IESE Insight
Financial pressure threatening U.S. hospital care
Health care systems are one of many institutions under financial strain worldwide, providing health care to people who cannot afford it.
In comparison with Europe, the United States does not have a state welfare system as such. Instead, uninsured people rely on charity for medical care. The bulk of this service is taken on by hospitals that act as providers of last resort, also known as the safety net. These are usually government hospitals, teaching hospitals and those located in poor areas. Traditionally these hospitals part-fund their charity health care through a complex system of cross-subsidies.
In her working paper, "Responding to Financial Pressures: The Effect of Managed Care on Hospitals' Provision of Charity Care," IESE economics professor Núria Mas explores the implications of changes to the health care insurance market in the United States, and how the delicate equilibrium that exists there is increasingly under threat in the current competitive and changing environment.
The rise and rise of managed care
A key reason behind these changes, Mas suggests, is the shift in the U.S. health care market from traditional insurance to managed care contracts. The percentage of Americans who have a managed care contract has risen from 27 percent in 1988 to 93 percent in 2001.
The managed care umbrella covers a variety of health insurance contracts, but they all have some aspects in common: they involve a controlled form of financing and delivering health care based on cost control and a measured use of health care services.
Unlike traditional health insurance plans, managed care systems control the choice of providers: they, not the customer, pre-select the providers of their network of hospitals and clinics. A patient's choice is, therefore, limited to the network.
Managed care has fundamentally altered the way the health care market works in the U.S. - in the services offered, how much the doctors are paid and how the patients are reimbursed.
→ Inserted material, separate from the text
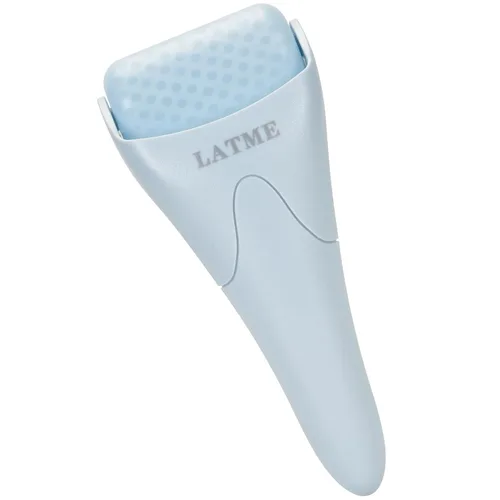 LATME Rodillo de hielo para ojos, regalos para mujer, masajeador facial, hinchazón, alivio del dolor de migraña y lesiones menores (azul ahumado)
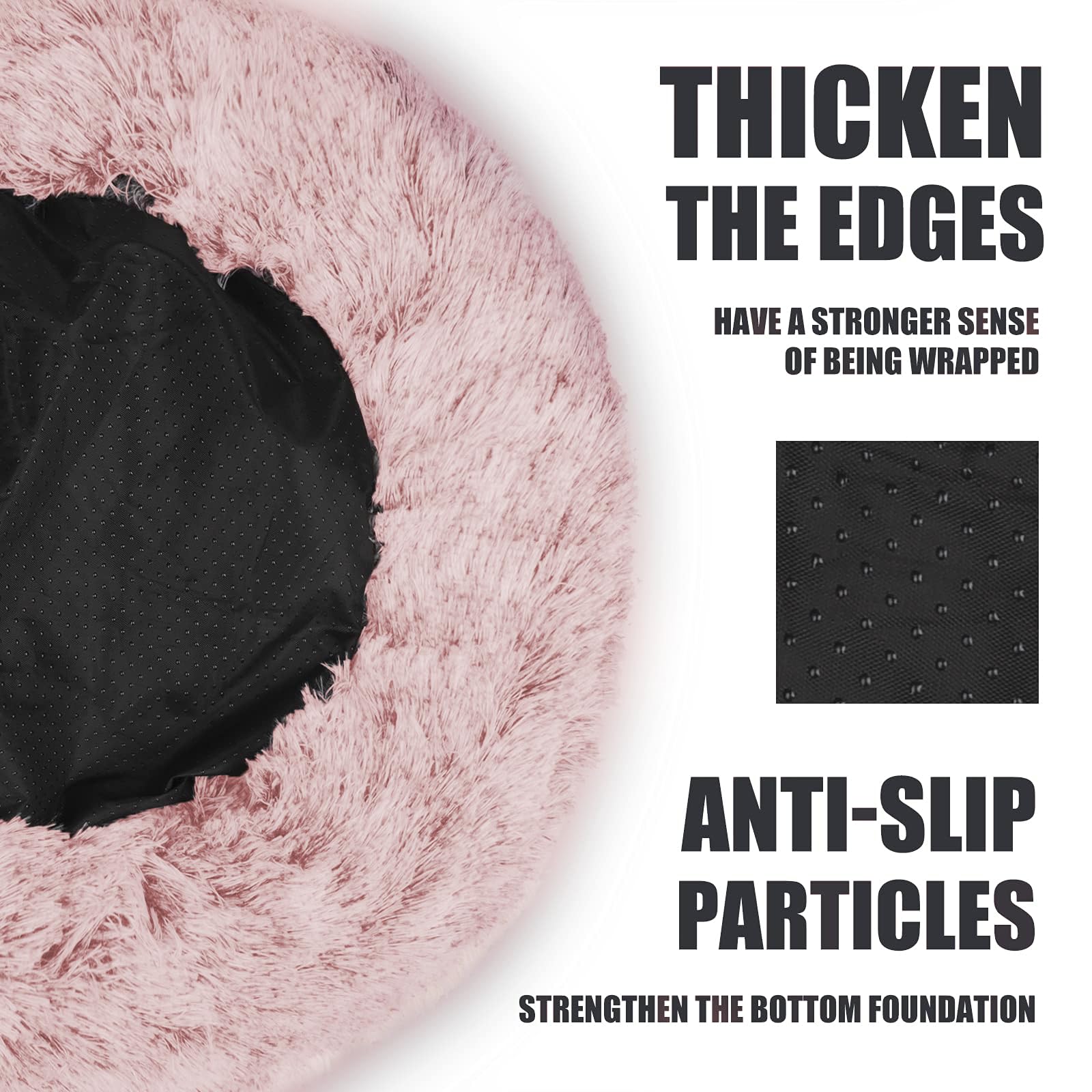 Shinhye Cozy Cat Bed - Round Plush Fluffy Hooded Cave, Indoor/Outdoor, Waterproof & Washable, Calming Anti-Anxiety Design - 23X2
Meanwhile, the number of uninsured in the U.S. keeps rising, from 31.8 million in 1987 to almost 46 million in 2007.
To illustrate the impact of this dramatic rise in managed care, Mas analyzes a sample of 894 hospitals, categorizing them into four types: teaching hospitals, government hospitals, hospitals in poor areas and other, non-safety net hospitals, which are used as a benchmark.
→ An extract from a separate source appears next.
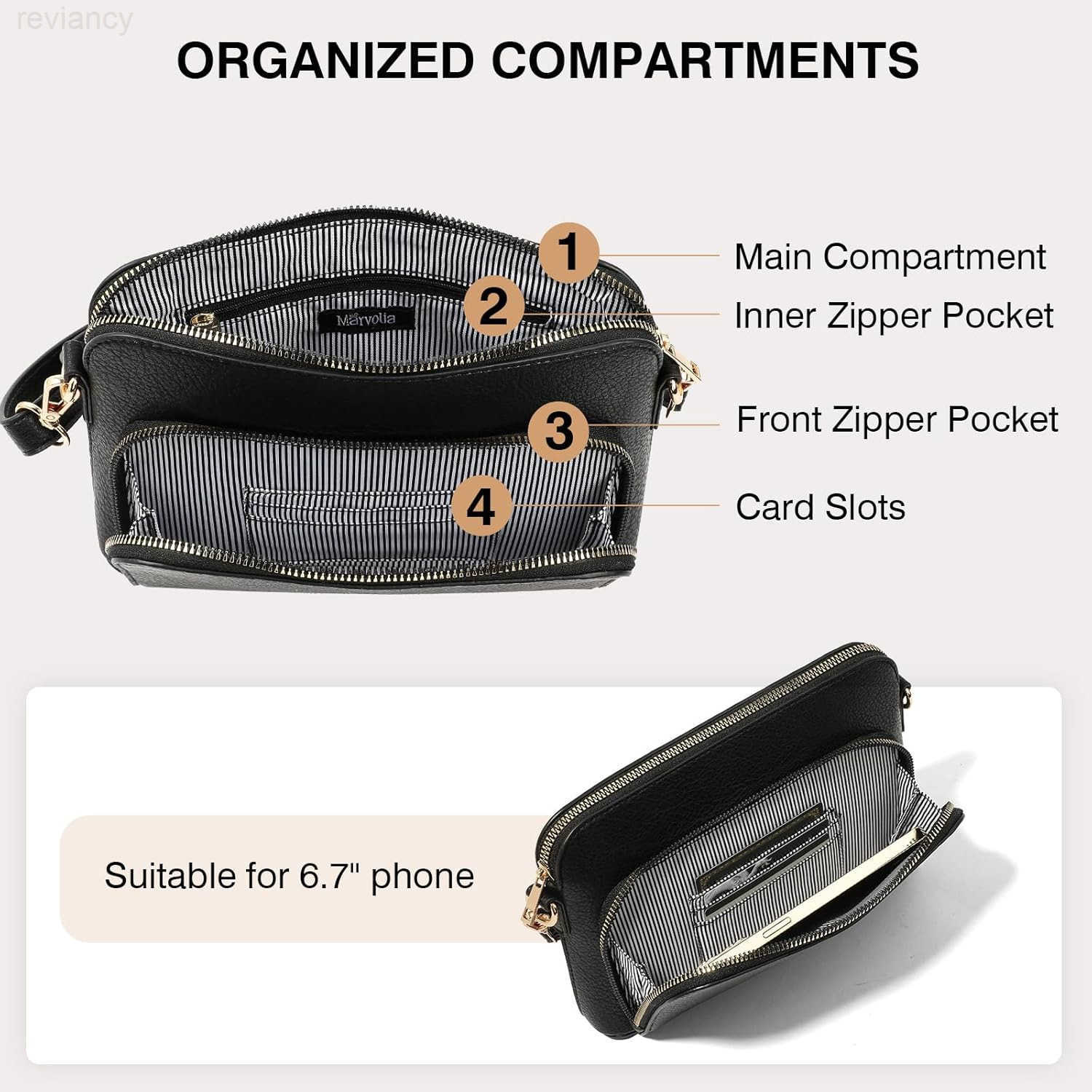 Crossbody Bag for Women PU Leather Shoulder Bag Trendy Small Crossbody Purse Bag for Travel Work PartyW250908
More managed care, fewer safety nets
The analysis shows that in areas where managed care enrollment is strong, there are significantly more closures of safety net hospitals, especially government hospitals and hospitals in poor areas. Other hospitals also suffer, but not as much. The only exception to this rule is when the safety net hospital is the only one of its kind in a poor area and is, therefore, forced to remain open.
The main cause for these closures is financial pressure: Revenues to part-fund charity services are declining, while the level of care these hospitals provide for the uninsured remains the same.
In the case of hospitals within a network, revenues drop because patients in managed care contracts pay less in premiums. This is because managed care organizations can negotiate down pricing as well as service levels.
Meanwhile, hospitals outside the network also see a drop in the number of patients and, therefore, revenues, since patients are forced to choose from the network only. In any case, these hospitals have to reduce prices in line with the lower price a managed care dominated market brings.
Managed care reduces services available
Unsurprisingly, the result of all this is that hospitals suffering most from cost pressures react by dropping the services most commonly used by non-paying patients. These tend to be emergency rooms and obstetrics, compulsory under U.S. regulations, as well as treatments for alcohol- and drug-related conditions.
Indeed, the research shows that a rise in managed care enrollment corresponds to a drop in hospitals offering ER, obstetric units and inpatient centers for alcohol and drug treatments. Compared with the benchmark, this is notably the case with government hospitals and hospitals in poor areas.
Outpatient alcohol and drug treatment centers do not follow the pattern - quite the reverse. Some 46 percent of hospitals that closed their inpatient center for patients with alcohol and drug problems already had an outpatient center. Therefore, there is a tendency for hospitals to substitute inpatient care with an outpatient service.
These results have important implications for uninsured patients? access to care. The reduction in the number of safety net hospitals, and the curtailing of the services they use most, mean uninsured patients have to travel longer distances to obtain medical care.
Future research should focus on the ultimate impact of managed care on the access and quality of care for those who can least afford it.